Kişiler kendilerini çevrelerine kabul ettirebilmek ve toplum içinde yaşayabilmek için; bilgi, anlam ve düşünce alışverişlerini içeren iletişim eylemine girerler. Kişilerarası iletişim, toplumsal iletişimin ve onun bir çeşidi olan kurumsal iletişimin özünü oluşturur. İletişimin başlıca amacı, bireylerarası ilişkilerin kurulup devam ettirilmesini sağlamaktır. İletişim toplumun, kurumlaşmanın ve bir arada yaşamanın temelidir.

Bireylerarası iletişim, “insanların birbirleriyle amaçsal bir yönelimi gereği” ortaya çıkmaktadır. Dolayısıyla bu iletişim türünde, aile, arkadaşlık gibi küçük birincil grupların veya sendika, dernek gibi büyük ikincil grupların dinamiklerine göre yüz yüze, birebir veya birden fazla kişiyle kurulmaktadır.

Bireylerarası iletişim, bilgi edinme, seçme, algılama, yorumlama, saklama, başkalarını tartıp varılan yargılara göre davranma sanatı olarak tanımlanır. Kişi dış dünyayı anlamak için, kendi amacına uygun olarak çevresine ve çevresindekilere ilgi gösterir. Çevreden aldığı verileri/mesajları önemsemesi durumunda bilgiye dönüştürür.

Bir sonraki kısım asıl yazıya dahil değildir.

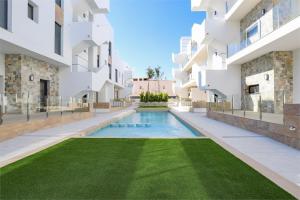 a courtyard with a swimming pool in a building at Luxury Appartement Los Arenales Del Sol, Near Beach, Large Solarium, Full Equipement in Arenales del Sol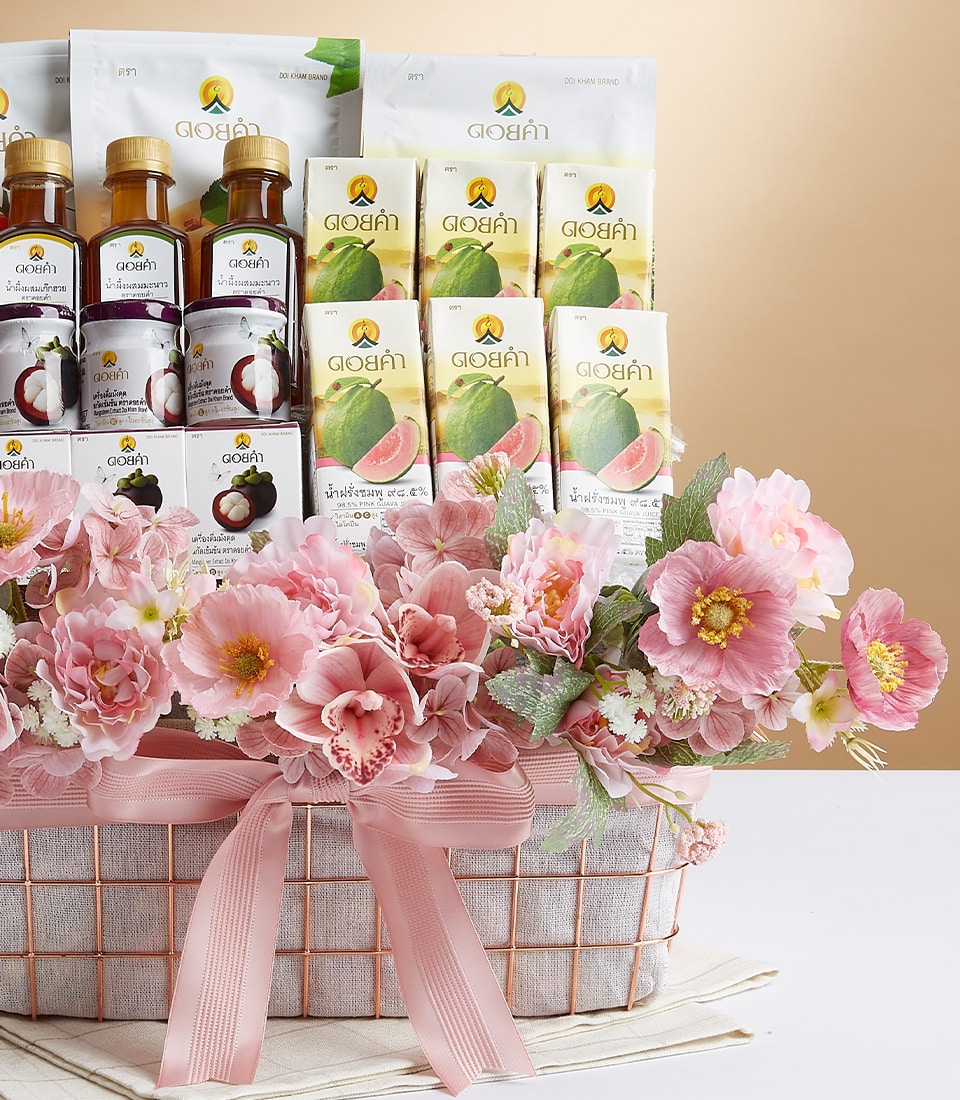A luxurious decorative basket elegantly adorned with delicate pink flowers and silk ribbons showcases an assortment of opulent treasures. Nestled within are several bottles filled with a rich, dark liquid, each one proudly bearing a golden logo and intricate Thai script. Accompanying them are exquisite packets of drink mixes or teas, also embellished with the same golden emblem. The scene is completed by the presence of the Basketeer logo gracing a sumptuous ribbon or box, adding an extra touch of sophistication to this inviting display.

Bilgi edinmede veri seçimi, yorumu ve saklanması önemlidir. Seçimde, yorumda ve saklamada bireyin gereksinimi, tutumu, inançları, değer ölçüleri, hedefleri, yetenekleri, kullanım olasılığı, deneyimleri ve alışkanlıkları önemli etkenler olarak öne çıkar. Usluata’nın Ruben’den aktardığına göre, bireylerarası iletişim şu şekilde gerçekleşir.

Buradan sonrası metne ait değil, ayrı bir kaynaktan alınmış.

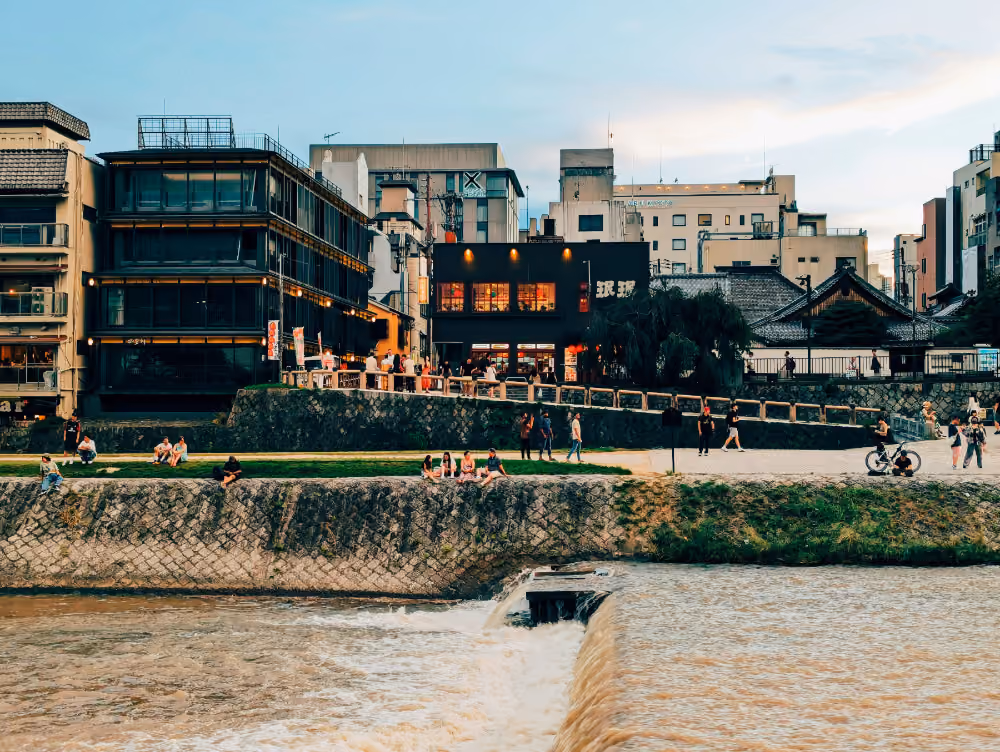 People relaxing and walking along a riverbank with urban buildings in the background at dusk.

Grup, ortak birtakım özellikleri paylaşan, birbiriyle etkileşim içinde olan, ortak bir amacı paylaşan insanlardan oluşan bir topluluk olarak tanımlanabilir. Grup yüksek oranda bir bağlılığı gerektirir ve grup üyelerinin paylaştığı özellikler ortak ilgi alanları, değerleri, ortak etnik/dil geçmişi ve akrabalık bağları olabilir.

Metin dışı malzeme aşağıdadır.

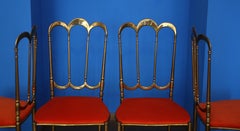 Set of four Chiavarine chairs in brass and orange velvet, Italy, 1950s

Bir topluluğa grup diyebilmek için, yan yana veya bir arada bulunmaları yeterli değildir. Grupların oluşması ve varlığını sürdürebilmesi için mutlaka üyeleri arasında bir iletişim ve etkileşimin bulunması gerekir. Diğer yandan "grup" diye adlandırılan sosyal varlıklar; genel bir deyişle insanların "iletişim davranışı"nı etkilemektedir. İletişim yoksa, grup yoktur, sadece bir yığın veya kalabalık vardır.

Gruplarda iletişim, “bir grup olarak hareket etme özelliği kazanmış kişiler” arasında gerçekleşmektedir. Grubun ortak özellikleri, grup iletişiminin yoğunluğunu, içeriğini ve akışını büyük ölçüde belirlemektedir. Grup iletişimi de kişilerarası iletişimde olduğu gibi, aynı mekânı paylaşma ve yüz yüze gerçekleşme özelliklerini taşır. Gruplar iletişimlerini yüz yüze kurabilecekleri gibi, iletişim teknolojileri aracılığıyla da kurabilirler. Telekonferans teknikleriyle gerçekleştirilen iletişim, grup içi ve gruplar arası iletişimin bir aracı kullanılarak gerçekleştirilmesine güzel iyi bir örnektir.

Grup iletişimi, grup içi ilişkileri düzenleyen, grubu koordine eden ve grup normlarını belirleyip yayan bir iletişim türüdür. Bu sayede bireyler arasında koordinasyon sağlanmakta, otorite ve normlar tanımlanmakta, çevreyle veri alışverişi gerçekleştirilmektedir. Grup iletişimini etkileyen en önemli faktör grubun özellikleridir. Grubun özelliklerine göre kendine has iletişim yapısı oluşur ve grup üyeleri içinde yer aldıkları bu yapıya ters düşmemek için zorunluluğu olan veya olmayan iletişim kurallarına ve biçimine uymaya özen gösterirler.

İletimin gerçekleşme biçimi ve insani ilişkiler bakımından grupları, birincil ve ikincil gruplar olmak üzere iki kategoride değerlendirebiliriz. Birincil grup belli, tek veya birkaç amacı gerçekleştirmeye yönelik olmayıp; onun yerine bireylerin toplam yaşamıyla ilgili olarak destek ve anlayış temeli üzerine kurulmuştur. Bu nedenle aile ve arkadaş çevresi gibi birincil gruplarda ilişkiler kişisel ve senli benli (enformel) gerçekleşir.

Günlük yaşamda insanlar aynı zamanda ikincil gruplarda yer alırlar. İkincil gruplar geçicidir; amaçları değişir; yapıları ve rolleri gevşekçe tanımlanmıştır; birincil amaçları belli bir görevi tamamlamak değildir; paylaşılan eylem veya bağdan geçerek ortak tatmine ulaşmaktır. İkincil gruplarda sayı genellikle daha fazladır; ilişki kişisel, yakın ilişki değil, resmi sizli bizli (kurumsal, formel bir yapıda) ilişkilerdir.